Conclusions and Relevance
Among SOTRs, results of this large cohort study suggest that SC was associated with measures of immunosuppression, and overall survival was worse than for other patients with SC. Findings also suggest a possible role for UV radiation in carcinogenesis.
Sebaceous carcinoma (SC) incidence in the United States has been increasing since the 1970s.1-3 Risk factors for this aggressive cancer3,4 are only partly known and include Muir-Torre syndrome (OMIM 158320) and UV radiation (UVR).1,5 Immunosuppression is also an important risk factor, although the reasons for this association are unclear. Sebaceous carcinoma incidence is increased 8-fold among individuals with AIDS.6 Several single-institution case series have also suggested an increased risk for SC among solid organ transplant recipients (SOTRs).7-9 However, population-based analyses assessing SC incidence in the transplant population are lacking.
In the current study, we use population data from the Transplant Cancer Match Study,10,11 which links the US SOTR registry with multiple population-based cancer registries, to assess SC risk and overall patient survival in the transplant population.
For this cohort study, we used Transplant Cancer Match Study data to perform a retrospective cohort analysis to assess SC incidence among SOTRs in 18 US states and metropolitan regions during January 1, 1987, to December 31, 2017 (see Table 1 note). Altogether, these registries account for approximately 46% of all US transplants. The SOTRs were followed from the date of transplantation until the earliest event: SC diagnosis, death, transplant failure or retransplantation, loss to follow-up, or end of cancer registry coverage. Retransplanted patients were considered unique patients, and follow-up began at the time of retransplant. Sebaceous carcinoma diagnoses were identified using linked cancer registry data based on the International Classification of Diseases for Oncology (version 3) morphology code 8410/3. Six SOTRs with SC diagnosed before transplantation were excluded. This study followed the Strengthening the Reporting of Observational Studies in Epidemiology (STROBE) reporting guideline. The Transplant Cancer Match Study was approved by the institutional review board at the National Institutes of Health and, as required, by participating cancer registries. The National Cancer Institute institutional review board granted a waiver of consent because the study used preexisting data not involving patient contact and without posing risk to patients.
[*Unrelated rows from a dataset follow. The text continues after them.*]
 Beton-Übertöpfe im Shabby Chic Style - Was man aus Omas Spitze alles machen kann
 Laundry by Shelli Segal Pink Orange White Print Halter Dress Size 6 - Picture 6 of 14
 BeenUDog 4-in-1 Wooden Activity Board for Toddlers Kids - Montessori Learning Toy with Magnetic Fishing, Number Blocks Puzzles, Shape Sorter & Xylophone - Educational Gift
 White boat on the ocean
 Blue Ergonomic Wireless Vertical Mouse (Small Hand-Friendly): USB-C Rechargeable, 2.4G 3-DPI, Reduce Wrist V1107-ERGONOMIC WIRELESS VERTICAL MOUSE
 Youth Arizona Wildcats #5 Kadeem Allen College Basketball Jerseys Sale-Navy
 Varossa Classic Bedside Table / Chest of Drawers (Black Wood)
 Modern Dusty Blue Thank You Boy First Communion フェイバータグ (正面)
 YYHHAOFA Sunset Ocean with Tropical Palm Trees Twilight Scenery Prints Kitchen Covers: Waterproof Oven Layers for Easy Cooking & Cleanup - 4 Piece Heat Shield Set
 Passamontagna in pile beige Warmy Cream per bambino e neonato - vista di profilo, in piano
From the transplant registry, we obtained data on demographic and transplant characteristics as well as induction and initial maintenance immunosuppressive therapies. We also obtained information reported by transplant centers on the first occurrence of posttransplant diagnoses of cutaneous squamous cell carcinoma (SCC) and basal cell carcinoma (BCC). Ambient UVR data, obtained from the Total Ozone Mapping Spectrometer database managed by the National Aeronautics Space Administration,12 were linked to the transplant registry by residential zip code reported at the time of entry onto the waitlist or transplantation.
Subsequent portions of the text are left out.